Amateurfußball

Erst rassistisch beleidigt und dann zugeschlagen

Initiativen gegen Rassismus und Gewalt im Fußball gibt es, doch immer wieder kommt es zu unschönen Vorfällen.

Initiativen gegen Rassismus und Gewalt im Fußball gibt es, doch immer wieder kommt es zu unschönen Vorfällen.

Foto: TimGroothuis / WITTERS

Schon wieder ist es auf einem Fußballplatz im Heimatgebiet zwischen Zuschauern zu einer handfesten Auseinandersetzung gekommen.
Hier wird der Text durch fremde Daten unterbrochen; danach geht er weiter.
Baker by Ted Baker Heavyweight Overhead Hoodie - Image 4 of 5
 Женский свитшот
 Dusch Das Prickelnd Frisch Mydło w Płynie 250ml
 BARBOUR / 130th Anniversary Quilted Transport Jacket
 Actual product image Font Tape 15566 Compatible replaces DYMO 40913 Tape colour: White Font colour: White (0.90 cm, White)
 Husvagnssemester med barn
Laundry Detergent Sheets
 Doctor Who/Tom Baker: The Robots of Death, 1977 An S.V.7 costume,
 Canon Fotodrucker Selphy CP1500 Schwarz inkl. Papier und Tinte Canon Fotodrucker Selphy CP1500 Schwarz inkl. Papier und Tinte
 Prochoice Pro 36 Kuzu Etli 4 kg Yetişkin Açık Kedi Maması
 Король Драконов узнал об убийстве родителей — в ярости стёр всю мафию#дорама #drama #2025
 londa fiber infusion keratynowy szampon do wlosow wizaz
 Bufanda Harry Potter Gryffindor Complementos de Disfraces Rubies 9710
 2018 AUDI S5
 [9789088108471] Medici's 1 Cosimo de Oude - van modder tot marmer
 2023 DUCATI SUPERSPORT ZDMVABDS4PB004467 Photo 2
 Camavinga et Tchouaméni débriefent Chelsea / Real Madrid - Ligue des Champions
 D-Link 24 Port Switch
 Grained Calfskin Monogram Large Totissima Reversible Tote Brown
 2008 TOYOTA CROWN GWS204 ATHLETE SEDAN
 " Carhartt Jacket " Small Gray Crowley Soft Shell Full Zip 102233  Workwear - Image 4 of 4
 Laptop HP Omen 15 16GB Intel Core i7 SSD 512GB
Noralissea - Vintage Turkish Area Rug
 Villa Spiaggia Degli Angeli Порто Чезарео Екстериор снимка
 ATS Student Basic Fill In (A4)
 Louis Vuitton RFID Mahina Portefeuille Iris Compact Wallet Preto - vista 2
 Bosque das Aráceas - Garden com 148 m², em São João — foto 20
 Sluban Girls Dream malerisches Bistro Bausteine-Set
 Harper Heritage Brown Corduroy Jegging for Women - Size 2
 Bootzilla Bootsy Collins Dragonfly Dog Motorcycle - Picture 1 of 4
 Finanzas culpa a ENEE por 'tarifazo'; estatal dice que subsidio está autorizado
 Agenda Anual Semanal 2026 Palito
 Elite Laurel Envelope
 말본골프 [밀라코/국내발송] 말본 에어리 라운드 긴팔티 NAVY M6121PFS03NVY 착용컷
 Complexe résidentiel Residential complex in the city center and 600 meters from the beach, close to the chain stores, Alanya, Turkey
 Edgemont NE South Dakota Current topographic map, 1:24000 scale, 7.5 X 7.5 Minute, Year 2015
Düneberg. Es passierte bereits am vergangenen Freitag beim Kreisklasse-Spiel des Düneberger SV III gegen den FC Lauenburg (Endstand 0:6). Auslöser war der 1:0-Führungstreffer der Lauenburger. Diesen soll ein 57-jähriger Zuschauer mit dem Satz „Wie kann das sein, dass die Kanaken hier ein Tor schießen!?“ kommentiert haben. Hintergrund: Die Lauenburger sind eine Mannschaft, deren Spieler fast ausschließlich türkische Wurzeln haben.

Zwei Schläge ins Gesicht

Shahabuddin Butt, der sich die Partie am Silberberg ebenfalls anschaute, wollte diese Beschimpfung nicht kommentarlos auf sich sitzen lassen. Der Bruder des Lauenburger Trainers Razi Butt – beide stammen aus Pakistan – konfrontierte den Geesthachter mit seiner fremdenfeindlichen Aussage. Dies soll der angetrunkene Pöb­ler – ein später erfolgter Atem-Alkoholtest ergab ei­nen Wert von 1,24 Promille – mit zwei Schlägen in Shahabuddin Butts Gesicht beantwortet haben.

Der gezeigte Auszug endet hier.